- Also known as: K G Ginde
- Born: 26 December 1925
- Origin: Bailhongal, Belgaum District, Karnataka, India
- Died: 13 July 1994 (aged 68) Kolkata, West Bengal, India
- Genres: Hindustani classical music, Musicologist
- Occupation: Vocalist
- Years active: 1936–1994

= K. G. Ginde =

Krishna Gundopant Ginde, better known as K.G. Ginde (26 December 1925 - 13 July 1994) was an Indian classical singer and teacher. His guru S N Ratanjankar was his biggest influence.

==Biography==
Ginde, called "Chhotu" (small) by family members and close friends because he was the 8th among 9 children, was born on 26 December 1925, in Bailhongal, near Belgaum. When he was just 11 years old, he moved to Lucknow and started his music training under music scholar S N Ratanjankar at Marris College of Music (now Bhatkhande Sanskriti Vishwavidyalaya)

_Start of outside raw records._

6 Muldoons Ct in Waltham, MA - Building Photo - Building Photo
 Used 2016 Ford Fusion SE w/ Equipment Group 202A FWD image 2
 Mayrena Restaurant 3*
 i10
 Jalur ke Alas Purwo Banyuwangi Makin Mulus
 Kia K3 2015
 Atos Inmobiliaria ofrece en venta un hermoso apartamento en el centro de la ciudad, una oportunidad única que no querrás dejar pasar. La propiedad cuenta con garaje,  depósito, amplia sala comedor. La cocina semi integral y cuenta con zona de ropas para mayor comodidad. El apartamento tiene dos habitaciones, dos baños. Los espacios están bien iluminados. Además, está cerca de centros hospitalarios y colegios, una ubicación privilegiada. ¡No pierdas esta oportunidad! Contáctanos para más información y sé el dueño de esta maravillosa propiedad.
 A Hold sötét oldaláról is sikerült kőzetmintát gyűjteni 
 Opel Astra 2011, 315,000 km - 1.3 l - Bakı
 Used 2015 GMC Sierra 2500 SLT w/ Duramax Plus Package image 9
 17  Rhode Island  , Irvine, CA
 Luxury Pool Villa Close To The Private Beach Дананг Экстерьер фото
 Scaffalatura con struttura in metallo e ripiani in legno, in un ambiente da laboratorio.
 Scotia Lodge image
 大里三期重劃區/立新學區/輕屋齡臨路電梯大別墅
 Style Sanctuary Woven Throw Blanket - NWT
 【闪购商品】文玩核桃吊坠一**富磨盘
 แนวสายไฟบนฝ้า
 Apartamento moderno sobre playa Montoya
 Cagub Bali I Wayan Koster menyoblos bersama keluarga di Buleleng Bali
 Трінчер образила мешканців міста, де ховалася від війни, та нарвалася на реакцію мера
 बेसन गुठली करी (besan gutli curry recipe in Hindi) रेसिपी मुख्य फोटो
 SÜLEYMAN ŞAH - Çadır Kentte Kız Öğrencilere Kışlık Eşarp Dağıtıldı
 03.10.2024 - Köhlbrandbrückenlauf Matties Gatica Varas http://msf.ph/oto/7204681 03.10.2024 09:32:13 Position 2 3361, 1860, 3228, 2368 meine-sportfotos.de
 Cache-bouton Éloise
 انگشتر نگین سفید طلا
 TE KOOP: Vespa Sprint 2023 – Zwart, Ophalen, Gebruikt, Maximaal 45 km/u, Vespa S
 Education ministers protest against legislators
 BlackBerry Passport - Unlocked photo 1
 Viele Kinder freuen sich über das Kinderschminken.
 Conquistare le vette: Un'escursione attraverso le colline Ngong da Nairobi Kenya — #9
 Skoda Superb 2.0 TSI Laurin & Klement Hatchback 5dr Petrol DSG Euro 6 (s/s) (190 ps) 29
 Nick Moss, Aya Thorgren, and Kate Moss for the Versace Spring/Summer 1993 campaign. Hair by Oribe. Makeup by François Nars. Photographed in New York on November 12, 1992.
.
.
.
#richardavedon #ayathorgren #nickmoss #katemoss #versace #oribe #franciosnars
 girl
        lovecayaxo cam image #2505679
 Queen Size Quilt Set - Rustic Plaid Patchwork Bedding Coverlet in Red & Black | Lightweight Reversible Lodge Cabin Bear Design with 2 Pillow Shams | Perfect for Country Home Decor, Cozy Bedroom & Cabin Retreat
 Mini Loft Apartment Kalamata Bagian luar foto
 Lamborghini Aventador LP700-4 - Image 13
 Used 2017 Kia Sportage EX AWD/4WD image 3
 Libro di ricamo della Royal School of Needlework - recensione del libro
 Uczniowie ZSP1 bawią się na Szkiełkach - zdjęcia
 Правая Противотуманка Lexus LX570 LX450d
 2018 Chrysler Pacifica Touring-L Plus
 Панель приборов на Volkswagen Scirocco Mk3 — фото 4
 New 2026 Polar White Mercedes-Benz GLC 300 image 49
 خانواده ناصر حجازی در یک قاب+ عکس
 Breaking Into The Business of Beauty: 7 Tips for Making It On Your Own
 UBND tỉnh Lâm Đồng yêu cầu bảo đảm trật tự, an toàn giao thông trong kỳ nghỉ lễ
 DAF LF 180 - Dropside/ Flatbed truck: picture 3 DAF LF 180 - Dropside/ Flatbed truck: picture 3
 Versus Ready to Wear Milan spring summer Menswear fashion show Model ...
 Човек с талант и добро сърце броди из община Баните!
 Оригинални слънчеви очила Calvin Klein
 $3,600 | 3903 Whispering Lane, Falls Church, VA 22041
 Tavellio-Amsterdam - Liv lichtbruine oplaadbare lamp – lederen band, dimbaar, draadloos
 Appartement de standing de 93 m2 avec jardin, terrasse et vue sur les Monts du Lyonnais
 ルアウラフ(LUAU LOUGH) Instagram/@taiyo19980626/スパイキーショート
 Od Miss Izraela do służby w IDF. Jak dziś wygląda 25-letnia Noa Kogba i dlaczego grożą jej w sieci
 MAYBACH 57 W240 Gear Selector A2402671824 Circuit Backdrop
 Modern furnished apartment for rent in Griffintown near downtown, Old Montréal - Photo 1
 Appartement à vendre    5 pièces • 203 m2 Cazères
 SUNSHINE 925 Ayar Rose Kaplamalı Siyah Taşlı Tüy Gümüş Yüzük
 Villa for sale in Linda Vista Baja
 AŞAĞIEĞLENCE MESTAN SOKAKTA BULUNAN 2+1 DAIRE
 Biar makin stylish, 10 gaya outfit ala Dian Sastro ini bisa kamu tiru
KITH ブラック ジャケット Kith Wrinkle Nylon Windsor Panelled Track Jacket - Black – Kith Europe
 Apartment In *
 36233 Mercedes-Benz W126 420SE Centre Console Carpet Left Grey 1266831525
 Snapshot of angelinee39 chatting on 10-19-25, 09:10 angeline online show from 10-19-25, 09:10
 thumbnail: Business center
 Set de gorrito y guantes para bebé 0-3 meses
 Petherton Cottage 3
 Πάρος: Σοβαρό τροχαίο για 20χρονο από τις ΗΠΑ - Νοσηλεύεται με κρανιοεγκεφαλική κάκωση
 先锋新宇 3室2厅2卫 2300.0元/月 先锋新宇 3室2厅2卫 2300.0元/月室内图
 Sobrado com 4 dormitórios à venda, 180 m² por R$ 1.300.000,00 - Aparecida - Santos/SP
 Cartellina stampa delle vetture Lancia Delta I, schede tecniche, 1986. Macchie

He moved to Mumbai in 1951 to take up a teaching post with Bharatiya Vidya Bhavan. In 1962 he became principal of Vallabh Sangeet Vidyalaya.

On his sixtieth birthday, some of the biggest names in Hindustani music, including Bhimsen Joshi, Kumar Gandharva, and Purushottam Laxman Deshpande, graced the function.

Ginde died on 13 July 1994, age 68 in Calcutta after suffering a massive heart attack.